See the Methods And Evaluation Criteria section.
There's little practical information on the dataset that would be important for potential users. (How) Does it adhere to FAIR principles? What format do you use? Was any postprocessing done? Where will the data be hosted? Given the size/diversity of the data, did you take any steps to make it easier for ML practitioners to download it and easily get a simple model running? I'd recommend the authors to take a look at the NeurIPS call for datasets and benchmarks and ensure that such key pieces of information (for a benchmark dataset) are included in the paper/supplementary.

其他意见或建议

n/a

****** After rebuttal: Updated score from 2 -> 3

作者回复

2025-04-01

Thank you very much for your valuable review; it is crucial for improving the quality of our manuscript.

Motivation and applications: Our problem setting is motivated by the need to efficiently emulate complex coastal processes for practical applications.
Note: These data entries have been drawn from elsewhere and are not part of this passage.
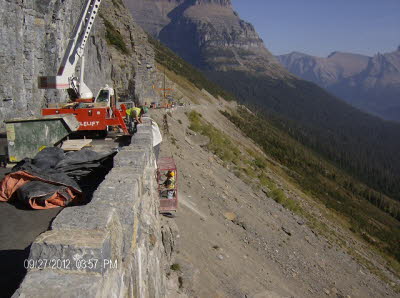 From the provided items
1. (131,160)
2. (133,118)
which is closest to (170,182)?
(133,118)

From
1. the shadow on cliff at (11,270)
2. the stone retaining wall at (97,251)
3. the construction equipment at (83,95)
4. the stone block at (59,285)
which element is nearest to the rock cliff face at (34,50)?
the construction equipment at (83,95)

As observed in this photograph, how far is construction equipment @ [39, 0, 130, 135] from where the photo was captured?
37.3 ft

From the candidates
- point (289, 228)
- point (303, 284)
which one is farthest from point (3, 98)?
point (289, 228)

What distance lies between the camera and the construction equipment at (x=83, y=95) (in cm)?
1137

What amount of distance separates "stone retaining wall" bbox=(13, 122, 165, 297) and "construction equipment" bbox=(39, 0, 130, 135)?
6773 mm

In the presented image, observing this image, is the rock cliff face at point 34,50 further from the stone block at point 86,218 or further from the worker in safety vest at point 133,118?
the stone block at point 86,218

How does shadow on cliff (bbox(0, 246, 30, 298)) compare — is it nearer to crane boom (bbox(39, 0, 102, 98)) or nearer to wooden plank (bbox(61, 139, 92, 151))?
wooden plank (bbox(61, 139, 92, 151))

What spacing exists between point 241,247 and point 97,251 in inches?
438

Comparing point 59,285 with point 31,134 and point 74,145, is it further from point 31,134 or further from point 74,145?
point 74,145

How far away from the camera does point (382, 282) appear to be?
20484mm

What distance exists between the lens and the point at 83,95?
14.2 m

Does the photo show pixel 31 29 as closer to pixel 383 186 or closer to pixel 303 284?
pixel 303 284

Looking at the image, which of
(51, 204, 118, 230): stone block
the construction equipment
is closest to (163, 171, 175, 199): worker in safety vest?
the construction equipment

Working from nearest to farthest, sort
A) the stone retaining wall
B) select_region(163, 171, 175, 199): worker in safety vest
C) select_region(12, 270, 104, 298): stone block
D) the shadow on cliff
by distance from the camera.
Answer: select_region(12, 270, 104, 298): stone block
the stone retaining wall
the shadow on cliff
select_region(163, 171, 175, 199): worker in safety vest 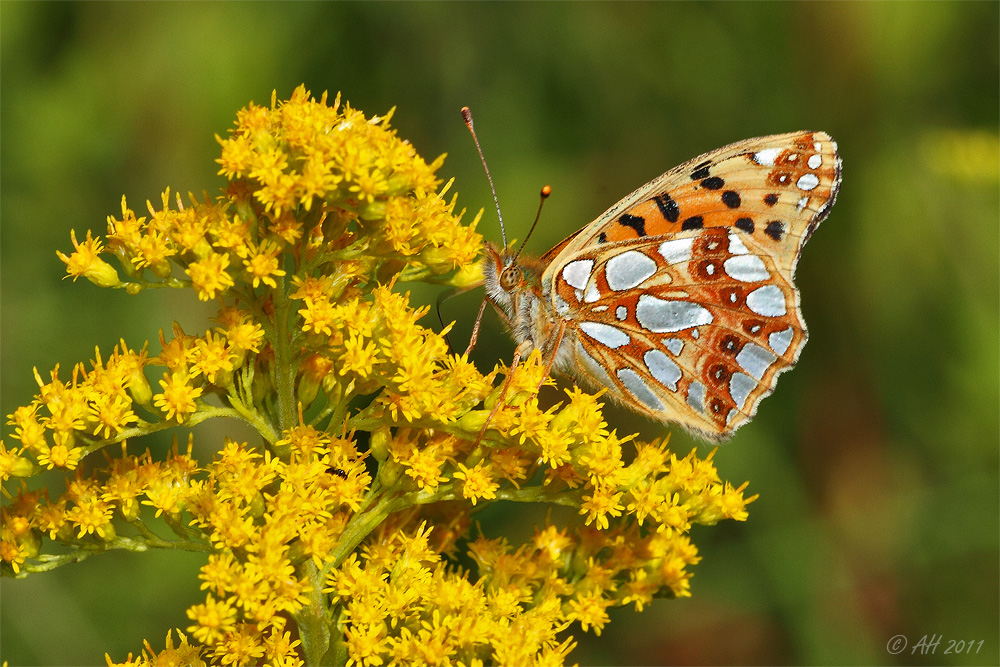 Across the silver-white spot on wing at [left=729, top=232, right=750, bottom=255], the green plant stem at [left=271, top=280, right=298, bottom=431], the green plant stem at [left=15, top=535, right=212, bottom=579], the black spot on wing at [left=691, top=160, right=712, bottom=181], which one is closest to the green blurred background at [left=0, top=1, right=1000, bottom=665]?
the silver-white spot on wing at [left=729, top=232, right=750, bottom=255]

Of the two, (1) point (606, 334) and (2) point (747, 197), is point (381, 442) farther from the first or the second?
(2) point (747, 197)

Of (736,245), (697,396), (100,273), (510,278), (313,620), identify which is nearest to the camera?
(313,620)

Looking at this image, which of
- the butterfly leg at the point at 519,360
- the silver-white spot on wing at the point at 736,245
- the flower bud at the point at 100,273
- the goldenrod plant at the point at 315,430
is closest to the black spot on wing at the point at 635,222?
the silver-white spot on wing at the point at 736,245

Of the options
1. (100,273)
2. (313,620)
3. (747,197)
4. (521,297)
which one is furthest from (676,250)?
(100,273)

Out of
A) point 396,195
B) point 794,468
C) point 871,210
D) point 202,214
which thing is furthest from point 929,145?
point 202,214

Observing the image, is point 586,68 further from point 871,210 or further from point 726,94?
point 871,210

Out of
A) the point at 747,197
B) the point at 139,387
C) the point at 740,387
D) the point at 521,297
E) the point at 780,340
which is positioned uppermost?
the point at 747,197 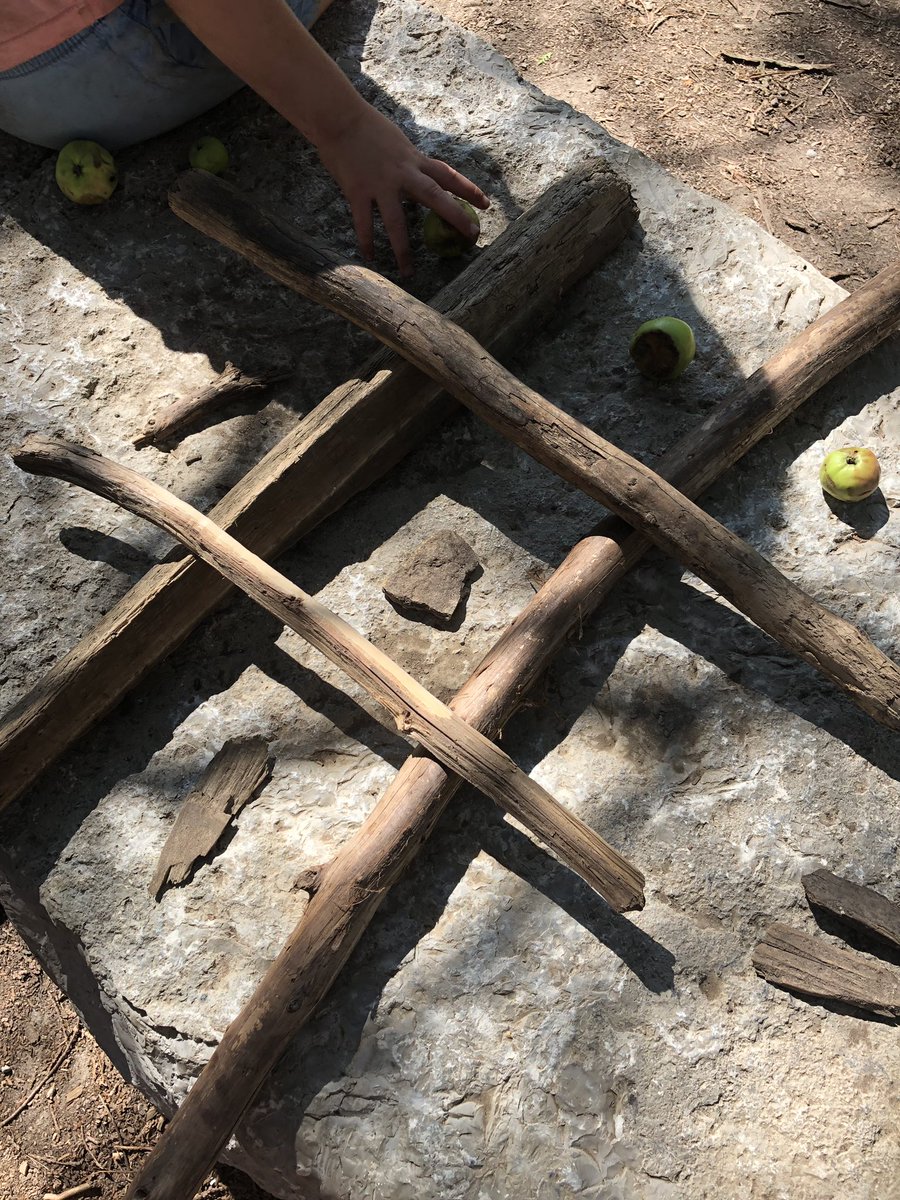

High-resolution numerical models such as ROMS are computationally expensive, while deep learning offers a fast and scalable alternative. The dataset includes variables critical for key downstream tasks: for example, storm surge and coastal flood forecasting benefit from predictions of free surface elevation; water quality and stratification modeling rely on temperature and salinity; and sediment transport analysis depends on vertical diffusivity.

Why not use ROMS: The goal is to emulate ROMS, with the primary motivation being computational efficiency—numerical models like ROMS are significantly slower than deep learning. For example, our experiments show that the proposed model reduces the runtime of ROMS for a 72-hour forecast from 2,477 seconds (using 512 CPU cores) to 34.14 seconds on a single A100 GPU, achieving over a 70× speedup. We have added a detailed runtime benchmark to our manuscript.

Use of observational data: We recognize the value of observational data, but they are often limited in spatial and temporal coverage. For instance, RECON provides measurements at sparse, fixed locations and irregular intervals. The ROMS model used in this study was previously validated against RECON observations (Hewageegana et al., 2023), showing strong agreement in key physical processes such as water level variability, currents, salinity, and temperature. This prior validation supports the use of ROMS outputs for training the deep learning model. While our focus is on emulating ROMS rather than evaluating it against observations, we agree that the reliance on ROMS simulations could be considered a limitation. We will clarify this in the main text.

Hewageegana, V. H., Olabarrieta, M., & Gonzalez-Ondina, J. M. (2023). Main Physical Processes Affecting the Residence Times of a Micro-Tidal Estuary. Journal of Marine Science and Engineering, 11(7), 1333.

Expand data to other regions: Expanding the dataset to other regions is non-trivial. First, it requires region-specific input data such as boundary conditions and external forcings. Second, running high-resolution ROMS simulations is computationally intensive. Third, manual calibration by oceanographers and domain experts is essential to ensure simulation quality.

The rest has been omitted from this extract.